Pictures with short captions:
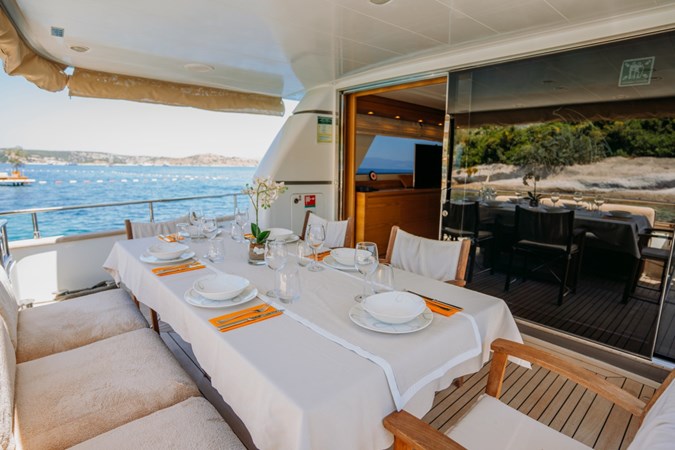 Photo of SAN LORENZO SAN LORENZO SL 72 72' 3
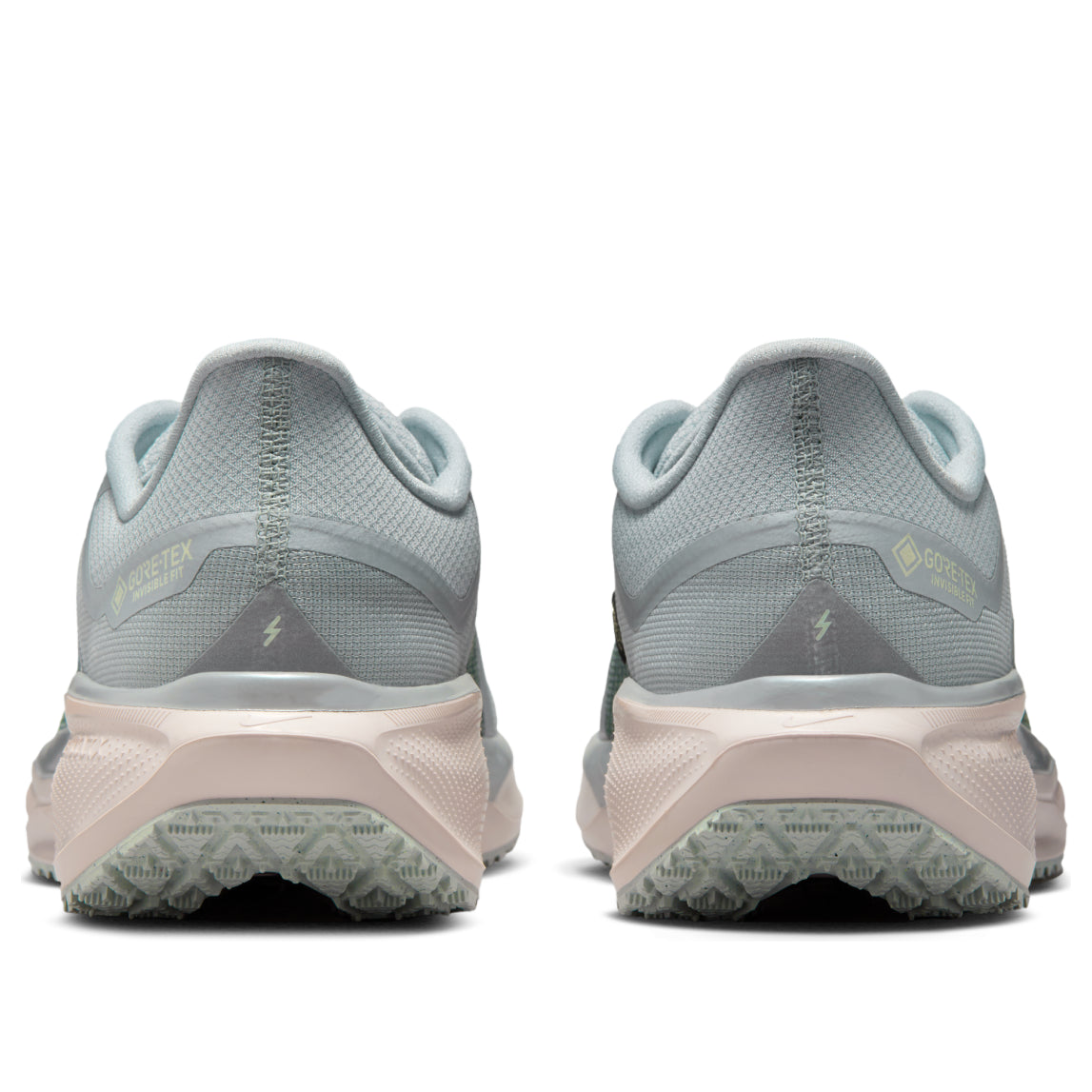 Nike Air Zoom Pegasus 41 Gore-Tex 'Light Pumice Metallic Silver' FQ1356-007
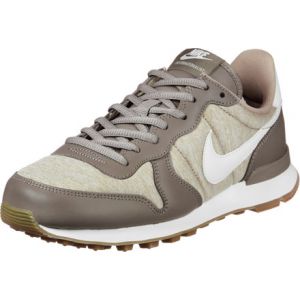 Image de Nike Chaussures Wmns Internationalist Marron - Taille 38,39,41,42,40 1/2,37 1/2,36 1/2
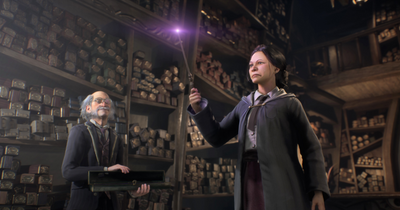 Hogwarts Legacy PS5 controller is more muggle than magical with uninspired design
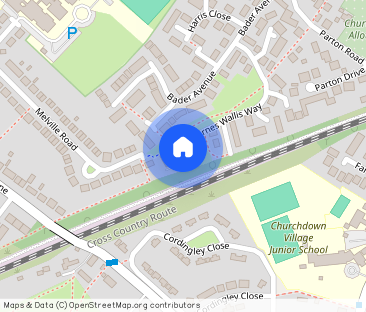 Churchdown GL3 2TR - Photo 1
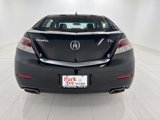 Used 2012 Acura TL image 4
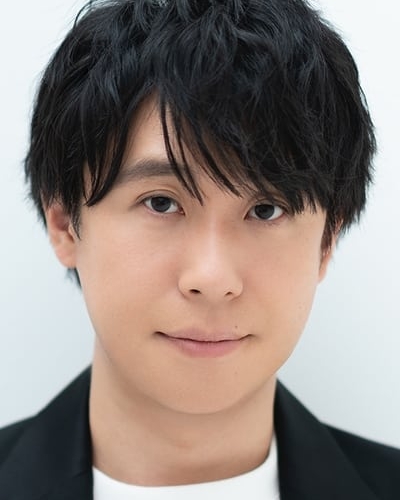鈴村健一
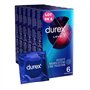 Durex - Love - Lot de 6 Boîtes de Préservatifs - 36 Préservatifs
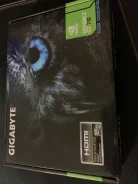 GeForce GT 710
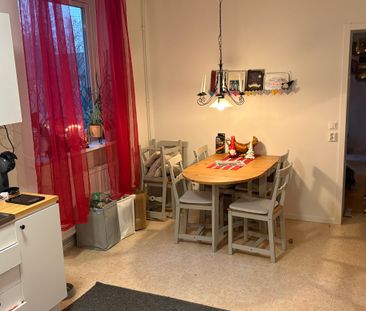 Ringvägen 4C - Foto 5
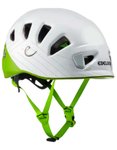 Edelrid - Kletterhelm - Shield II Oasis-Snow  - Größe 52-62 cm - Weiß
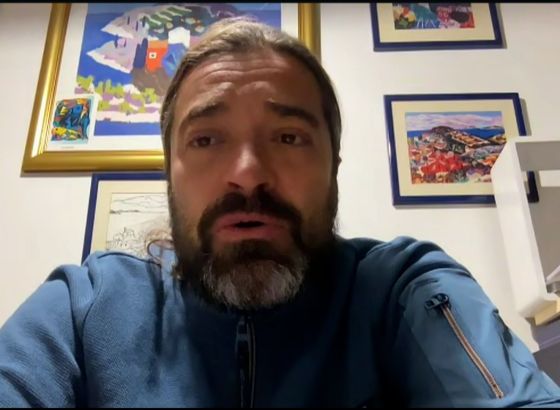Markovina: Insistiranje na 9. januaru nije slučajno, to je otvoreno priznanje ideologije na kojoj je nastala Republika Srpska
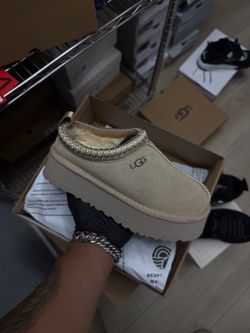 Uggs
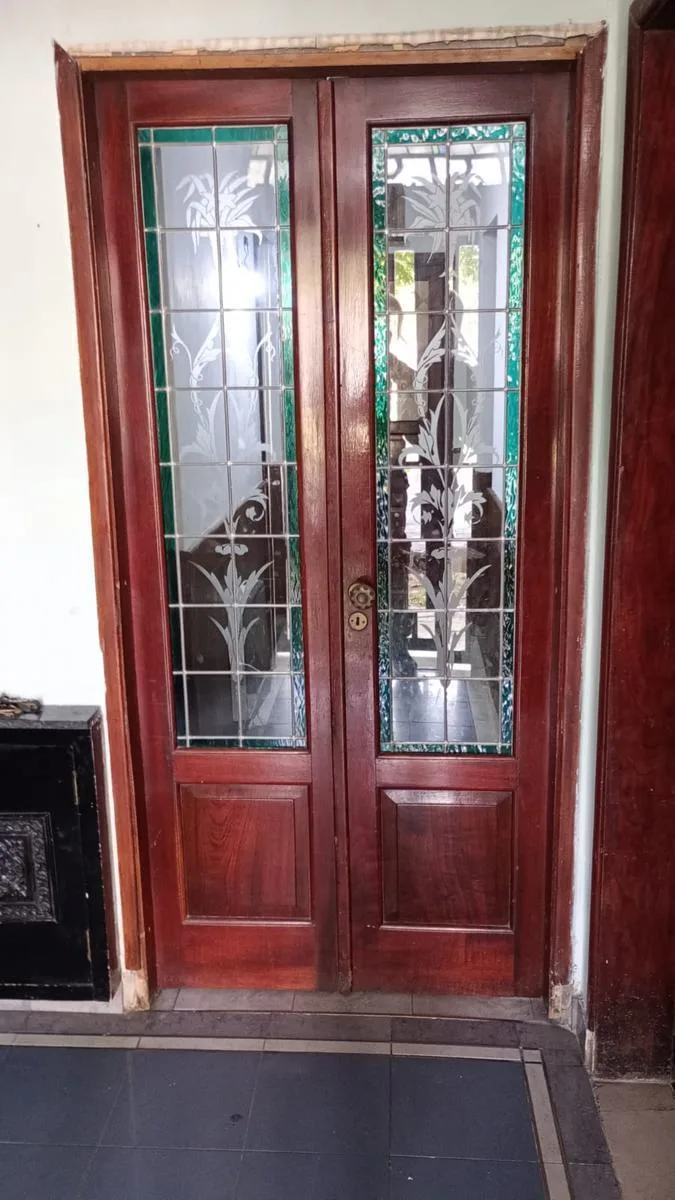 Departamento de 3 dormitorios en Remedios de Escalada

**What is required**:
When you reach the line containing "Image de Nike" in the records above, write out that line and every line after it through the end, exactly, but omit the pictures.

**Result**:
 Image de Nike Chaussures Wmns Internationalist Marron - Taille 38,39,41,42,40 1/2,37 1/2,36 1/2
 Hogwarts Legacy PS5 controller is more muggle than magical with uninspired design
 Churchdown GL3 2TR - Photo 1
 Used 2012 Acura TL image 4
鈴村健一
 Durex - Love - Lot de 6 Boîtes de Préservatifs - 36 Préservatifs
 GeForce GT 710
 Ringvägen 4C - Foto 5
 Edelrid - Kletterhelm - Shield II Oasis-Snow  - Größe 52-62 cm - Weiß
Markovina: Insistiranje na 9. januaru nije slučajno, to je otvoreno priznanje ideologije na kojoj je nastala Republika Srpska
 Uggs
 Departamento de 3 dormitorios en Remedios de Escalada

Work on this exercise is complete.